10 sims 06.22.09 at 2:23 am
Funny thing, I don't remember typing typing in the wrong console. I think that's because I usually have the hostname right there. Fortunately, I don't do the same things over and over again very much. Which means I don't remember command syntax for all but most used commands.

Locking myself out while configuring the firewall – done – more than once. It wasn't really a CLI mistake though. Just being a n00b.

georgesdev, good one. I usually:

ls -a /path/to/files
to double check the contents
then up arrowkey homekey hit del a few times and type rm. I always get nervous with rm sitting at the prompt. I'll have to remember that -rf at the end of the line.

I always make mistakes making links. I can never remember the syntax. :/

Here's to less CLI mistakes… (beer)

Grant D. Vallance 06.22.09 at 7:56 am
A couple of days ago I typed and executed (as root): rm -rf /* on my home development server. Not good. Thankfully, the server at the time had nothing important on it, which is why I had no backups …

I am still not sure *why* I did when I have read about all the warnings about using this command. (A dyslexic moment with the syntax?)

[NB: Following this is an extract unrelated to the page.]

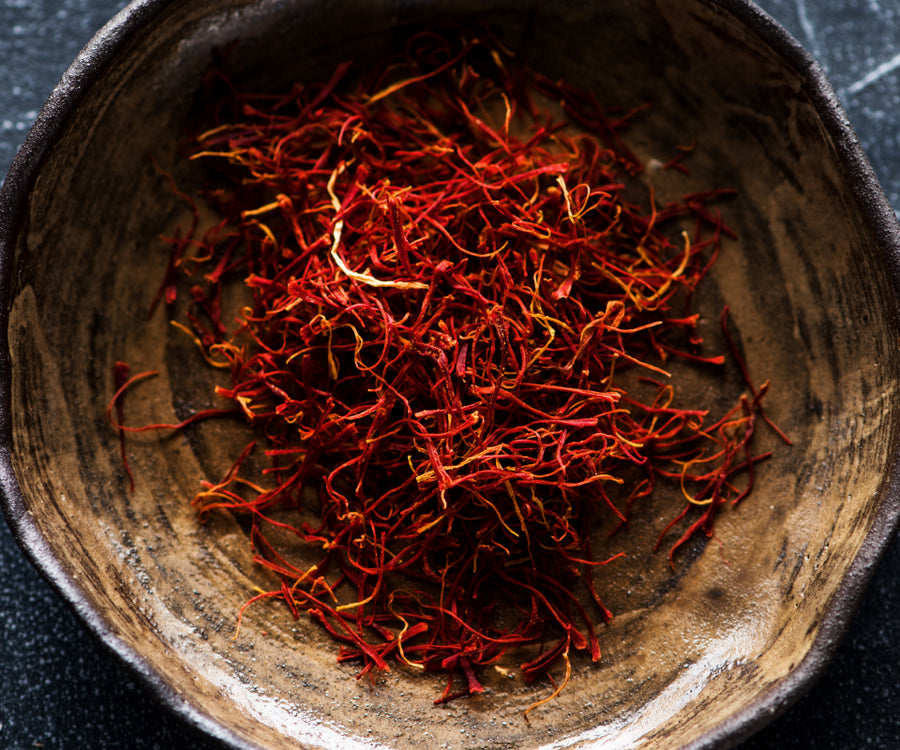 Close-up of saffron threads on a textured surface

Ah well, a good lesson learned. At least it was not the disaster it could of been. I shall be *very* paranoid about this command in the future.

Joren 06.22.09 at 9:30 am
I wanted to remove the subfolder etc from the /usr/local/matlab/ directory. So I accidentally added the '/' symbol in a force of habit when going to the /etc folder and I typed from the /usr/local/matlab directory:

sudo rm /etc

instead of

sudo rm etc

Without the entire /etc folder the computer didn't work anymore (which was to be expected ofcourse) and I ended up reinstalling my computer.

Robsteranium 06.22.09 at 11:05 am
Aza Rashkin explains how habituation can lead to stupid errors – confirming "yes I'm sure/ overwrite file etc" automatically without realising it. Perhaps rm and the > command need an undo/ built-in backup…
Ramaswamy 06.22.09 at 10:47 am
Deleted the files
I used place some files in /tmp/rama and some conf files at /home//httpd/conf file
I used to swap between these two directories by "cd -"
Executed the command rm -fr ./*
supposed to remove the files at /tmp/rama/*, but ended up by removing the file at /home//httpd/conf/*, with out any backup
Yonitg 06.23.09 at 8:06 am
Great post !
I did my share of system mishaps,
killing servers in production, etc.
the most emberassing one was sending 70K users the wrong message.
or beter yet, telling the CEO we have a major crysis, gathering up many people to solve it, and finding that it is nothing at all while all the management is standing in my cube.
Solaris 06.23.09 at 8:37 pm
Firewall lock out: done.
Command on wrong server: done.

And the worst: update and upgrade while some important applications were running, of
course on a production server.. as someone mentioned the system doesn't run very well
without all of its original libraries :)

Peko 06.30.09 at 8:46 am
I invented a new one today.

Just assuming that a [-v] option stands for –verbose

Yep, most of the time. But not on a [pkill] command.
[pkill -v myprocess] will kill _any_ process you can kill - except those whose name contains "myprocess". Ooooops. :-!
(I just wanted pkill to display "verbose" information when killing processes)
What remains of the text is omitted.